Arista 1985
天は二物を与えず、どころか三物も四物も与えてしまったのがこの人。
歌良し、ルックス良し、血筋良し、人気も実力もある、欠点を探すのが大変なくらいの大成功者。
母親はゴスペルベースの実力派ヴォーカリスト「シシィ・ヒューストン」にして叔母にかの有名な「ディオンヌ・ワーウィック」を持つ。
11歳のときからゴスペル聖歌隊に所属して教会で歌い、実力に磨きをかけ、母親のステージを手伝ううちにモデルとしてスカウトされ、一躍トップモデルに。
黒人女性として初めて表紙を飾ったという「セブンティーン」を始め、「グラマー」「コスモポリタン」など、若干20歳を前にして有名誌のグラビアを飾るトップスターモデルとなっていました。
ところがこのままトップモデルとしてのキャリアをスタートさせるかと思いきや、やはり幼い頃からのお家芸であるシンガーの道を歩み始めます。
これに目をつけないわけにはいかないとばかりに大手「アリスタ・レコード」がこの新人を強力にバックアップ。
そしてできた名盤がこのアルバム。
1985年発表で全米アルバム・チャート1位を獲得。シングル・カットした「すべてをあなたに」「グレイテイスト・ラヴ・オブ・オール」「恋は手さぐり」も全米No.1を獲得し、アルバムセールス全米2,300万枚を記録したモンスターアルバム。
新人をサポートするためか話題作りのためか、大御所「テディ・ペンダーグラス」と「ジャーメイン・ジャクソン」の2人が3曲でデュエットしていますが、なかなかどうして、ホイットニーはベテラン相手に堂々と歌い上げています。
本当に21歳そこそこの新人のデビューアルバムなのでしょうか!?
このアルバムのジャケット、どうだと言わんばかりのナイスバディ&ものすごいベタなデザインだけど、実はコレ日本盤のみの仕様。アメリカやヨーロッパでは違うデザインで、ちゃんと服着てます。
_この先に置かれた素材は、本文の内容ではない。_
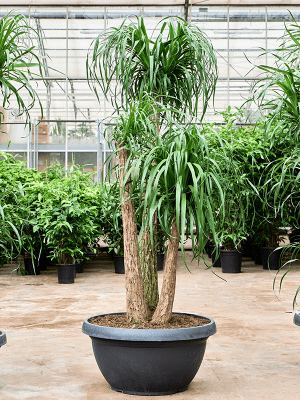
                  
                    Beaucarnea recurvata.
(左サイド下のジャケ写)
なんでも当時のプロデューサーがこのデザイン見て「ちょっと過激じゃね?」とかなんとか言ってダメ出しして変更させたとか。
僕はこのベタすぎるジャケットじゃないとダメですけど…
他にも日本盤では不思議なところがあって、曲順が大幅に変更されています。
当時のアナログLPレコードでいうA面とB面がそっくり入れ替わっていてオリジナル盤と日本盤では1〜5曲目と6〜10曲目がそっくり入れ替わって収録されています!
なんでこんなことした、日本盤??
ということで、オリジナル盤に忠実に聴くには6曲目から聴きましょう(笑)
このアルバムは捨て曲が1曲もなく、ホイットニーの歌唱力がいかんなく発揮された名盤。真骨頂のバラード曲の2、4、9やベテランとの堂々としたデュエットの3、5、10、陽気なポップチューンの1など、1枚でいくつものホイットニーの魅力が味わえるアルバム。
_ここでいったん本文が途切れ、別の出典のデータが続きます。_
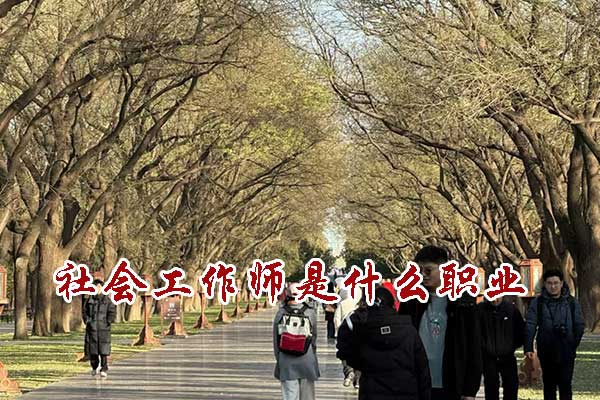 社会工作师是什么职业
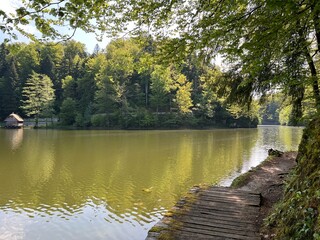 The educational pathway around the Lake Trakoscan 'Faerie Path' (Croatia) - Poučna staza Put Vila ili staze za šetnju i rekreaciju oko Trakošćanskog jezera (Hrvatsko Zagorje, Hrvatska)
「ボディガード」の頃のホイットニーは大味な感じがするけど、このアルバムは肉体的にも精神的にもフレッシュで充実したホイットニーのエネルギーがキラキラとほとばしっているようで、聴いていて元気がでます。
ぜひこの日本盤仕様のジャケットを眺めながら聴いてください。
なお、このアルバム、紙ジャケット仕様がリイシューされているが、リマスタリングされていない模様。
所有してるのが85年の日本フォノグラム盤で音圧が低い(これはこれでいいんだけど)ので、リマスタリングしたのも聴いてみたいところ。